Golf Balls at Good Hope

My brothers used to gather dozens upon dozens of golf balls in the Milwaukee River. The river ran right behind our house and we were about half a mile down river from the Milwaukee Country Club golf course. What were we going to do with all these golf balls? None of us golfed, so it seemed we had two choices. 1) take the best ones and clean them up and sell them 2) hit them with baseball bats.
My brothers did indeed take many of the balls and clean them up to sell. They sat by the entrance to the private country club and sold them by the dozen. Since they had no investment in it except time, any proceeds they gained were all profit. Not being a natural business person, I chose to exclude myself from the commercial part of the golf ball adventures.

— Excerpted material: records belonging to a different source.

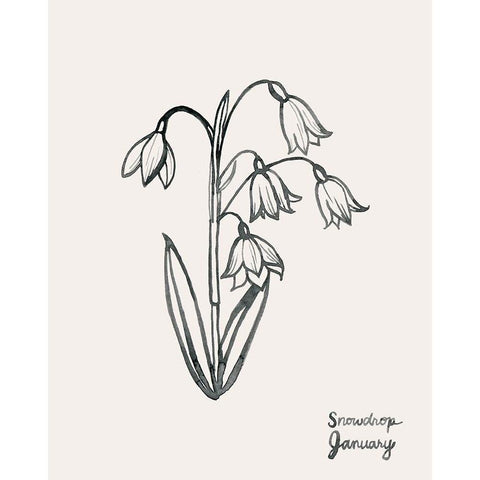 Annual Flowers I Black Modern Wood Framed Art Print with Double Matting by Popp, Grace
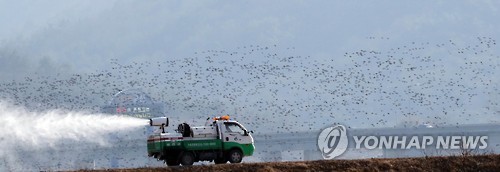 토착화 우려 AI, 오리·전남에 집중… 원인 모른 채 철새만 의심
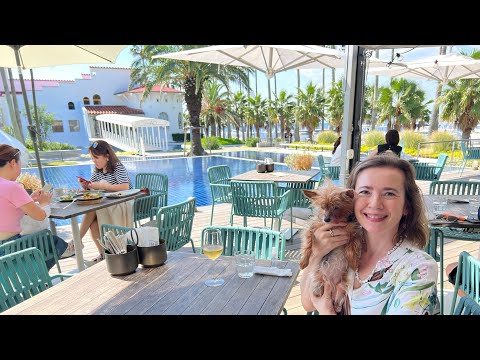 Lunch at Zushi Marina | Resort Lifestyle Just an Hour from Tokyo, Japan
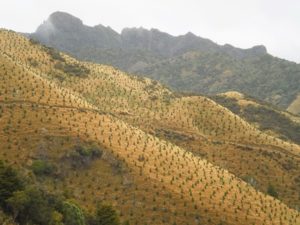 Exporting High Farming and Food Standards From the UK and NZ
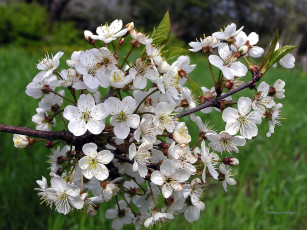 Картинка тульскаЯ сакура цветы вишня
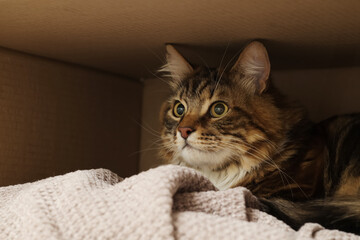 Wall Mural - Cute cat sitting in overturned cardboard box with blanket at home, closeup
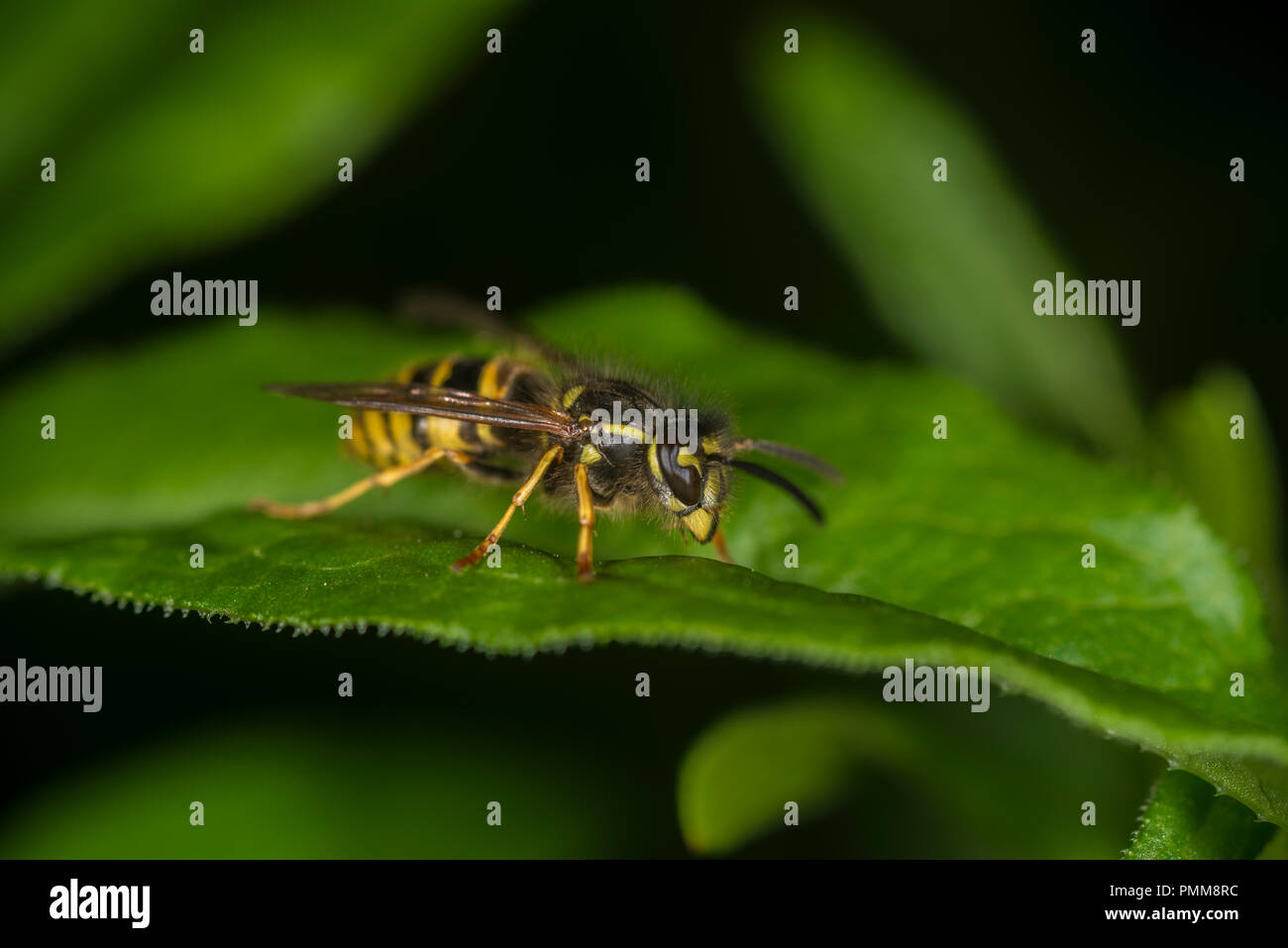 Wasp on a green leaf Stock Photo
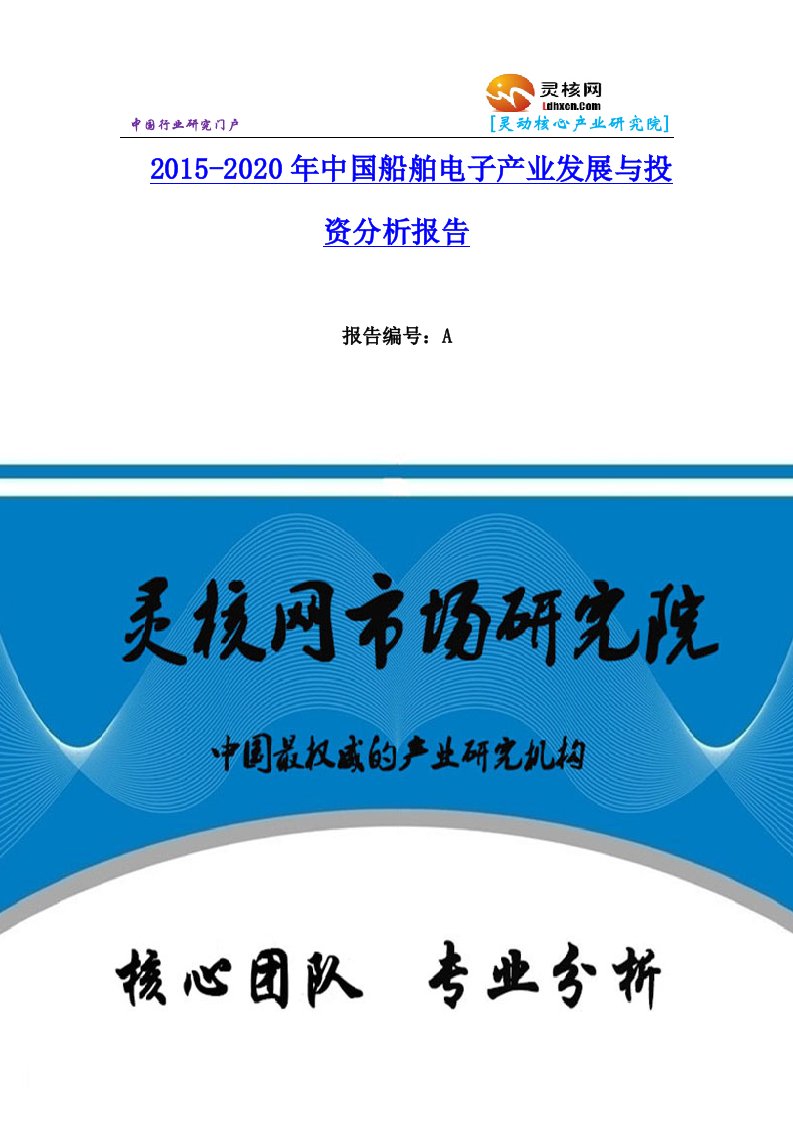 中国船舶电子行业市场分析与发展趋势研究报告灵核网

That brings us to the second option. If you have never hit a golf ball with an aluminum baseball bat, you are missing out on a great feeling. Every once in a while we would stand in the middle of the street and hit one all the way down, hoping it would stay straight enough that it wouldn’t veer off and break a window, or that a car would turn onto the street and suddenly get assaulted by a flying ball. Luckily we never broke anything as far as I knew.

More often we would take a bucket of balls up to the grade school that we all had attended, Good Hope School. Behind the school there was a playground and then three softball fields. Golf balls go a LONG way when hit by a bat, so my brothers would try to hit balls from the edge of the pavement all the way over the softball fields and eventually over the fence that enclosed the entire playground. On the other side of the fence there was a steep cliff that dropped probably 25 feet down to a parking lot for a dentist’s office, and then right beyond that was Green Bay Ave which was a high traffic street. If a ball did make it over the fence it could have hit a car, or person and bounced right into traffic. However, we wouldn’t have known since you could not see anything beyond the fence. We seemed to be in our own beautiful pastoral world of nothing but green grass.

I was never powerful enough to reach the threshold of the ‘home run fence’ but every once in a while my brothers could. I think we liked to imagine that the balls just landed in the hill, which is probably what happened, but then again, who knows. My brothers were not the kind to want to intentionally cause harm to anyone, yet this is the closest they probably ever came to it. The feel of the ball flying off that bat was just that exciting – it seemed to be worth it.

After hitting all the balls, we’d walk out in the field and try to collect as many as we could, but we usually lost over half the balls – we didn’t care – there were so many more where they came from. When I find golf balls today I always save them with the intention of taking them out to Pirate’s Cove with my wife and son and hitting them as far into the Upper Saint Mary’s as we can. They key is you need to get out of the way of the person swinging the bat!